Viable Avenues of Inquiry

How Do Brain Areas Communicate With One Another?

Information is flexibly and efficiently routed throughout the brain. Here, we define communication as signal propagation that produces a change in the representation by a recipient area. Part of the challenge for achieving inter-area communication is related to signal transmission: a signal must be able propagate reliably throughout the system without excessive attenuation or amplification (Shadlen and Newsome, 1998; Joglekar et al., 2018; van Vugt et al., 2018). This relies on inter-area anatomical connections as well as the network structure within an area (Joglekar et al., 2018). However, there is substantial evidence that successful inter-area communication also requires physiological coordination on millisecond time-scales (Fries, 2005, 2015).

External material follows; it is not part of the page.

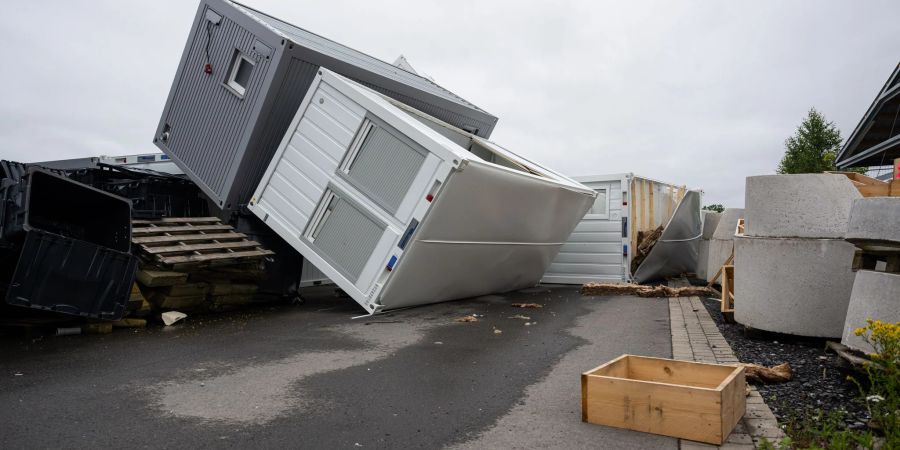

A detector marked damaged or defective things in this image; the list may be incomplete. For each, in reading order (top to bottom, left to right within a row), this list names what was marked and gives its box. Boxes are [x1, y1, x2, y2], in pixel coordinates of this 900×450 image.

damaged structure [250, 69, 596, 312]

Inter-area information transmission has been assessed using coherence measures across the V1-V2 boundary (Jia et al., 2013), and by the likelihood of spikes in a recipient area given the state of a source area (Zandvakili and Kohn, 2015). The quality of signal transmission has been measured by the number of spikes elicited in the recipient area following of electrostimulation of the source area (Ruff and Cohen, 2016). These approaches demonstrate an effect of state on a recipient area, or propagation, but they do not demonstrate that communication has occurred. This could be achieved with an additional analysis demonstrating improvement in coding in the recipient brain area. This may be done directly by assessing perception in an awake behaving animal or decoding the spiking activity in the anesthetized preparation; or indirectly by measuring representations or spike-count correlations. These early studies had a small number of electrodes in the recipient area, so such analyses would have been limited, but will be increasingly possible as recording capabilities improve. Changes in noise correlations between areas can also be interpreted as changes in the communication efficacy between areas. If correlations between areas increase, they share more trial-to-trial variability, which means signal transmission is enhanced, but it is unknown whether this also enhances the representation in the recipient brain area.

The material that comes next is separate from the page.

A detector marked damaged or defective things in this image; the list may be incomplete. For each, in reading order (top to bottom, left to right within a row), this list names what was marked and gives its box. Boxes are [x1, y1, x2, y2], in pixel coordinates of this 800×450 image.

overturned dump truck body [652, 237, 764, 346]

Within a single brain area, inferences may be made about the relationship between cortical state and coding efficacy by conditioning the data, or sorting population activity into states based on a variable of interest (e.g., up and down states based on firing rate; Arandia-Romero et al., 2016; Gutnisky et al., 2017), or behavioral outcome or strategy (Gilad et al., 2018). Recent work adapts this approach to two connected populations of neurons by estimating how the state of one area impacts coding in a recipient area, demonstrating how we might test the efficacy of neural communication more directly (Palmigiano et al., 2017). In simulations, they measured the relative phase of gamma bursts in two areas, and condition based on which area is leading. This enabled them to show that spiking activity in the leading area predicts spiking activity in the following area, suggesting that gamma bursts produce states that are conducive to spike transmission. However, the results of conditioning data should be interpreted with caution, as the variable chosen for conditioning will have multiple covariates.

How Are Representations Transformed Between Areas?

Understanding population responses in terms of a low-dimensional representation has provided traction especially in our understanding of how neurons with complex selectivity represent stimuli and guide behavior. In the context of multi-area recordings, this approach stands to help us understand how representations of the same factors shift from one area to another, and how shifts in the trial-by-trial activity in an upstream area produce better or worse representations in a downstream area. It also provides a way to look at how different areas reshape the same information in order to “untangle” it, or increase the linear separability of a biologically relevant variable (Figure 2D; DiCarlo and Cox, 2007; DiCarlo et al., 2012; Pagan et al., 2013). In future work, dimensionality reduction may be combined with data conditioning in order to determine how the representation in a recipient area depends on the state of a simultaneously recorded source area.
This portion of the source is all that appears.